Carrier sailors will also play basketball and soccer with Vietnamese counterparts.

For the last month, the Carl Vinson has been deployed in the South China Sea, one of the world’s busiest shipping lanes. Six governments have competing claims over various features in the South China Sea. In recent years, Vietnam, in particular, has watched warily as China, through extensive reclamation, has transformed bits of rock and reef it controls into sprawling artificial islands that now double as military bases.

In 2017 alone, China built permanent facilities on reclaimed land that “account for about 72 acres, or 290,000 square meters, of new real estate,” according to the Asia Maritime Transparency Initiative run by the Center for Strategic and International Studies in Washington.

“Hanoi’s agreement to the aircraft carrier visit demonstrates Vietnam’s anxiety about what China will do next in the South China Sea,” said Murray Hiebert, senior associate of the Southeast Asia Program at the Center for Strategic and International Studies. “The U.S. is virtually the last man standing to which Hanoi can look for support in the South China Sea dispute.”

Although the United States is not a claimant in the maritime dispute, the Navy portrays its deployments in the South China Sea as important to ensuring maritime security and nurturing the conditions that have led to Asia’s post-World War II economic expansion.

“It’s a stable environment where you have the ability to actually foment economic growth,” Admiral Fuller said. “I think we’ve helped create the environment that has allowed for the 70 years of growth.”

The admiral F declined to comment, however, on how China’s island-building is changing regional dynamics. Beijing protests whenever the United States conducts freedom of navigation operations in which Navy ships sail close to disputed maritime features controlled by China.

While the American War, as the Vietnamese call the conflict, lingers in American memories as a bloody and ideologically charged confrontation, Vietnamese animosity toward China runs much deeper.

Communist fraternity between Beijing and Hanoi has not erased the fact that the Chinese Empire ruled Vietnam for a millennium. Four years after the last Americans withdrew from Saigon, Vietnam fought a border war with China. Since then, Chinese and Vietnamese troops have skirmished over ownership of islets in the South China Sea.

“No one trusts the Chinese,” said Maj. Gen. Le Van Cuong, the former director of the Institute of Strategic Studies at Vietnam’s Ministry of Public Security. “But everyone needs their money.”
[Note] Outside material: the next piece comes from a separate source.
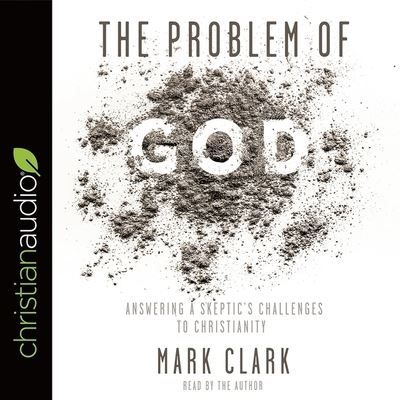 Problem of God - Mark Clark - Musique - Christianaudio - 9798200478989 - 15 janvier 2018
In 2016, an international tribunal ruled overwhelmingly in favour of the Philippines in a case that questioned China’s vast claims in the South China Sea.

But that legal victory has proved largely irrelevant to regional geopolitics. President Rodrigo Duterte of the Philippines, who took power days before the tribunal ruling, has declined to push Beijing to honour it.

Instead, he has cosied up to China and criticized the United States, a longtime ally. Beijing followed up with vows to invest billions of dollars in the Philippines.

Mr Duterte’s departure from previous Philippine policy leaves Hanoi as the only country with major claims on the South China Sea that continues to denounce Beijing’s muscular actions.

In 2014, Beijing moved an oil-drilling rig into disputed waters not far from Danang. The Vietnamese responded with anti-Chinese protests that culminated in the deaths of two Chinese workers in southern Vietnam.

Yet geopolitics dictates that Vietnam cannot alienate China entirely.

“Vietnam works overtime trying to balance its ties between China and the U.S.,” Mr Hiebert of the Southeast Asia Program at the Center for Strategic and International Studies said.

When Beijing again moved the oil rig into contested waters in 2016, Hanoi ensured that there was no repeat of anti-Chinese rioting.

Although Washington has tried to coax Hanoi to expand naval exchanges with the United States, Vietnam has declined in order “to avoid irritating China,” Mr Hiebert said.

Hanoi, which relies on Russia for most of its military equipment, has also refused to increase purchases of American weaponry, even though the United States lifted its embargo on lethal arms sales to Vietnam in 2016.

President Trump’s decision last year to scupper the Trans-Pacific Partnership irked Hanoi, which hoped the American-led trade pact would provide a counterweight to China’s growing economic influence in the region.

And even as the United States and Vietnam have hailed warming relations, a mounting crackdown on dissent by the Vietnamese authorities has curtailed hopes of political change. The tightened grip mirrors a similar clampdown by the Communist Party in China.

There are around 130 political prisoners in Vietnam, including environmental activists, religious advocates and the nation’s most famous female blogger, according to Human Rights Watch.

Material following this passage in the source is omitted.